INSTRUCTIONS FOR THE TASK: Copy the final lines exactly, starting at the one that contains "AnimalBiome Dog Probiotics" and ending with the last line of the listing below. Pictures are not part of the copy.

== == ==

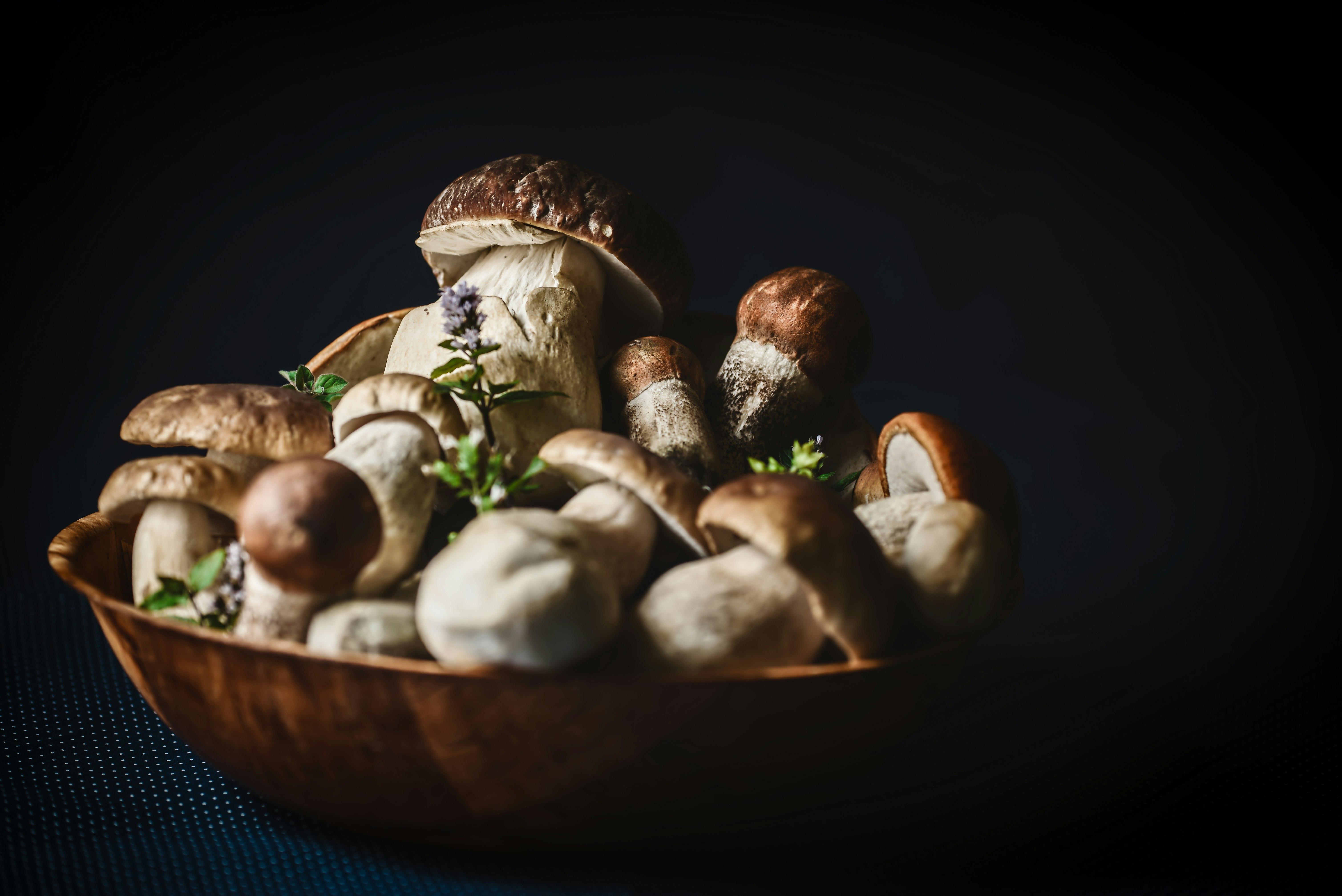 mushroom inside bowl with dim background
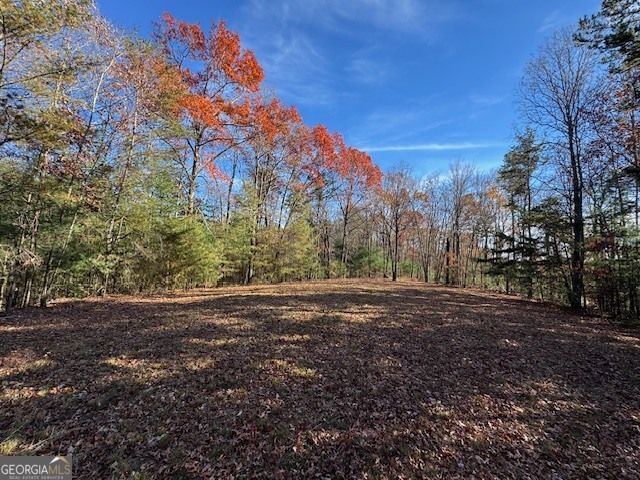 0 John Call Road Property Photo 49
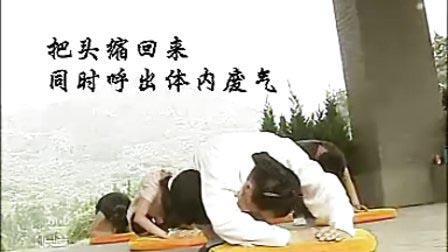 道家固精锁阳秘法电子书版 商品图0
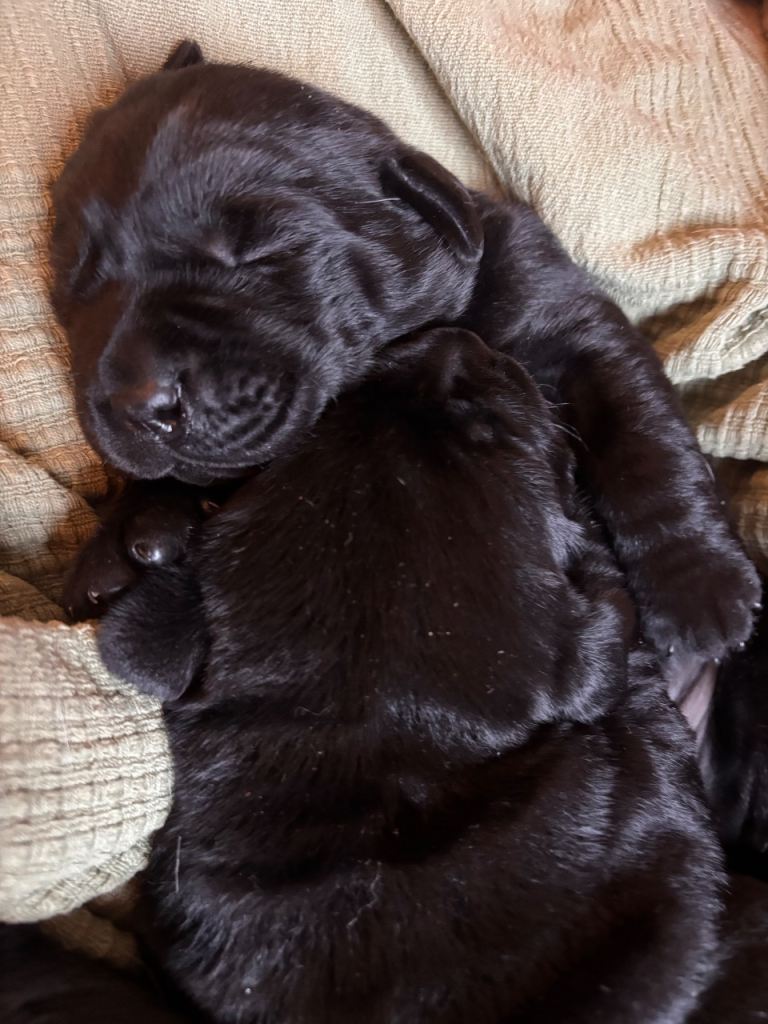 Black Labrador Puppies 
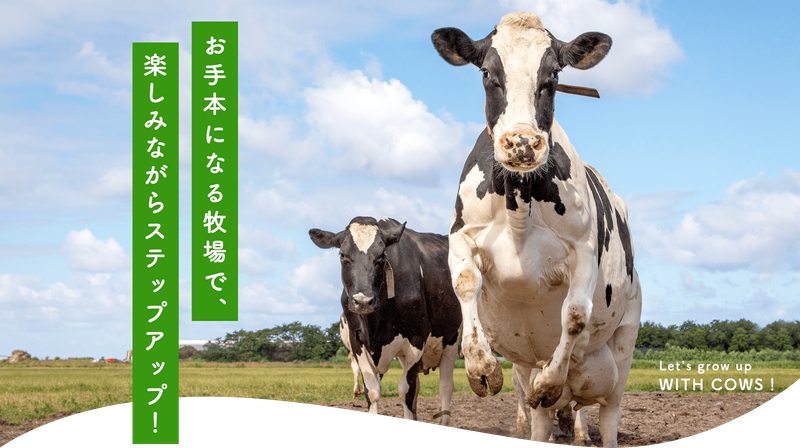 株式会社来島牧場の求人・転職情報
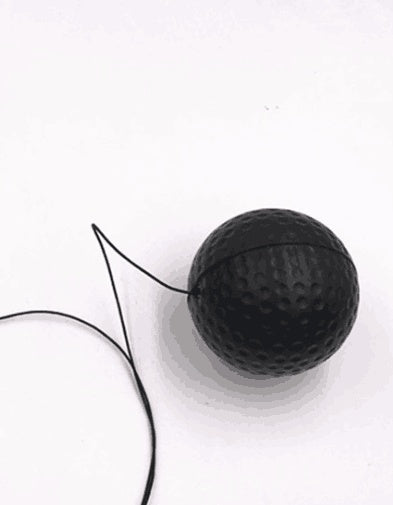 Reflex Ball für Boxer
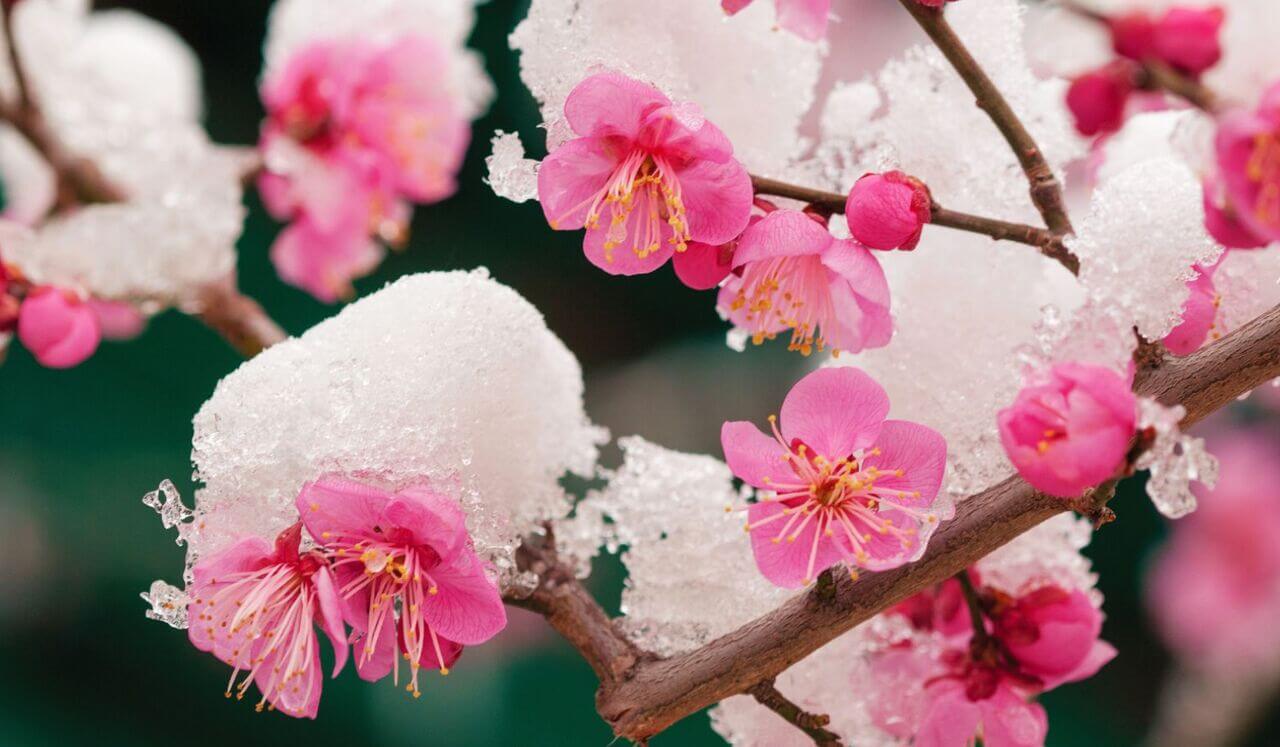 Cultiver Résilience Et Vitalité  - Ume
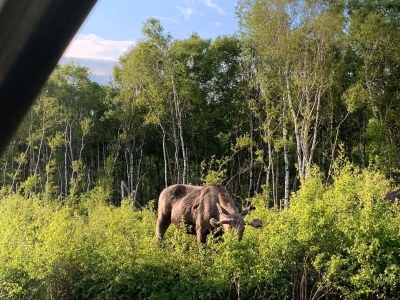 Holiday house 6 person holiday home in Storvorde-By Traum - Outdoor photo 17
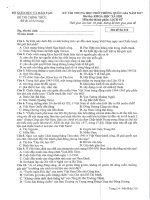 Đề thi THPT QG năm 2017 môn Lịch sử (Đề chính thức)_Mã đề 310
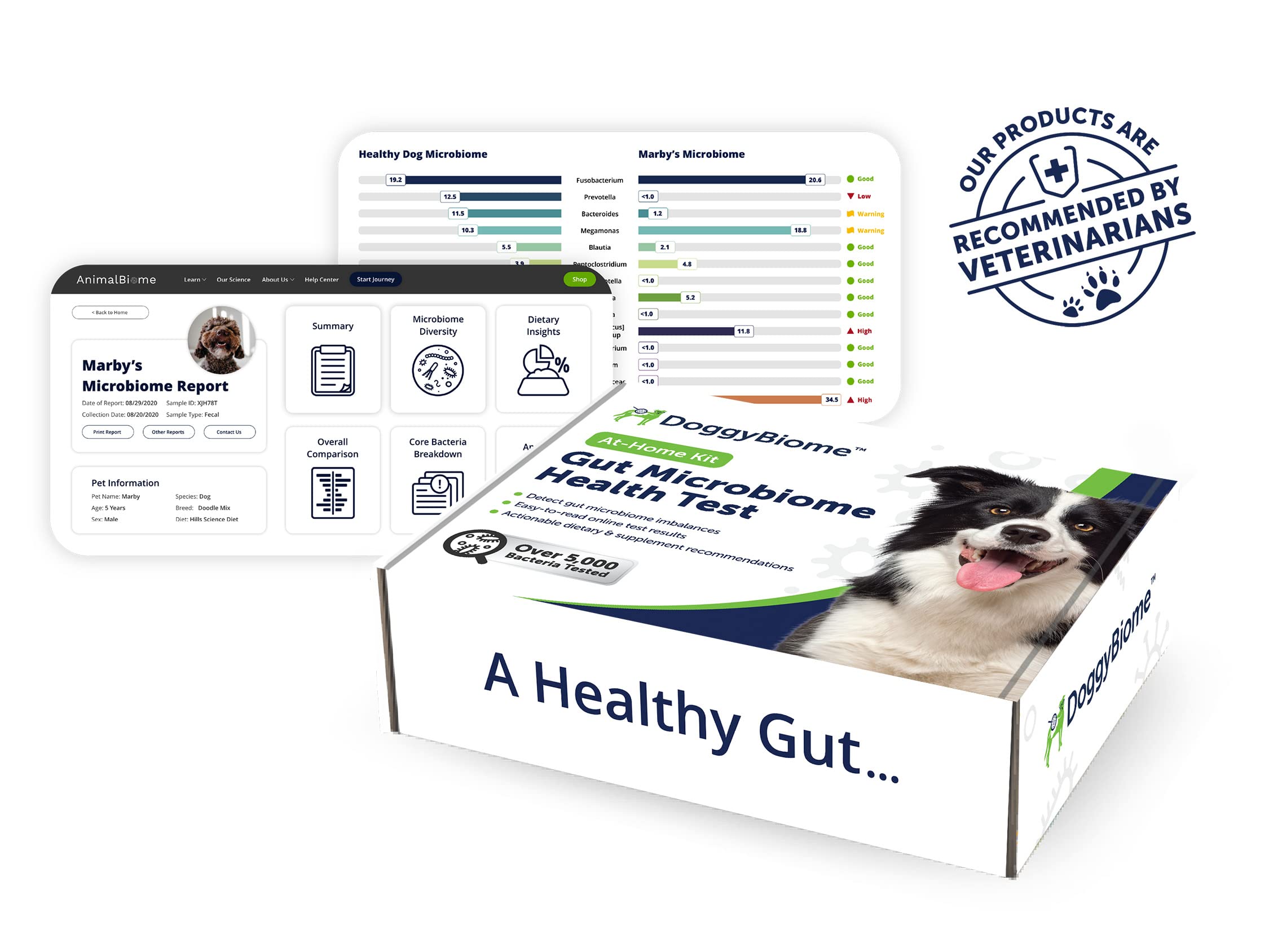 AnimalBiome Dog Probiotics Test Kit - Gut Microbiome Health Test - DoggyBiome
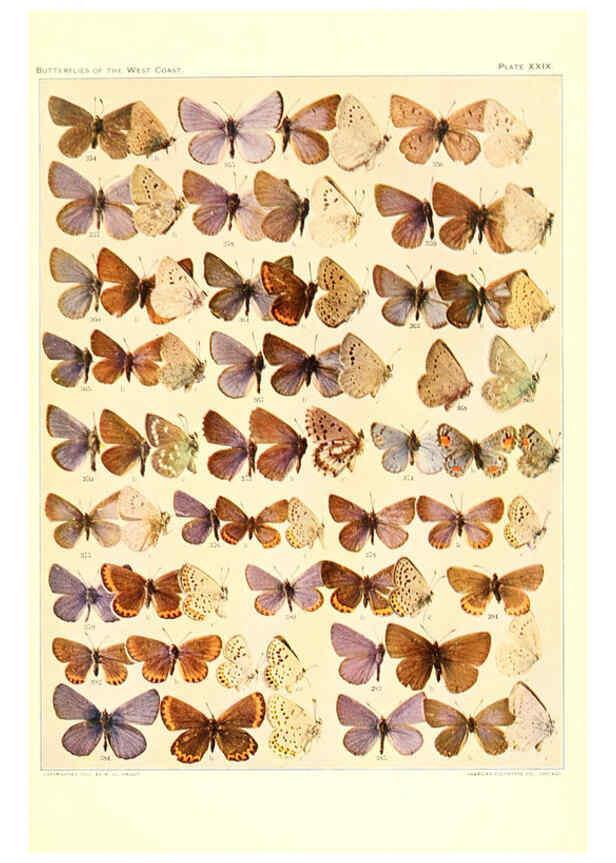 Reproducción/Reproduction 6233851003: The butterflies of the West Coast of the United States San Bernardino, Calif. :Wright,1906, c1905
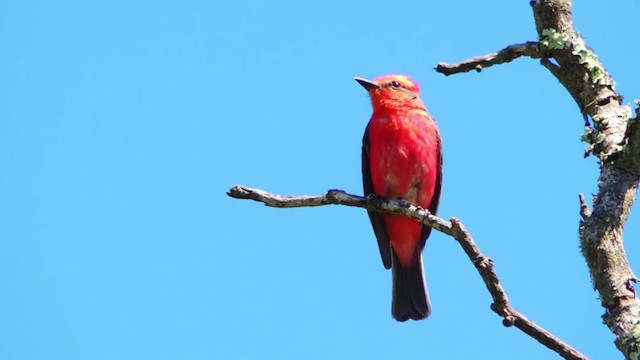 Vermilion Flycatcher (obscurus Group) - ML201707541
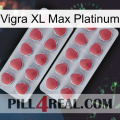 Vigra Xl Max Platinum 19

== == ==

RESPONSE:
 AnimalBiome Dog Probiotics Test Kit - Gut Microbiome Health Test - DoggyBiome
 Reproducción/Reproduction 6233851003: The butterflies of the West Coast of the United States San Bernardino, Calif. :Wright,1906, c1905
 Vermilion Flycatcher (obscurus Group) - ML201707541
 Vigra Xl Max Platinum 19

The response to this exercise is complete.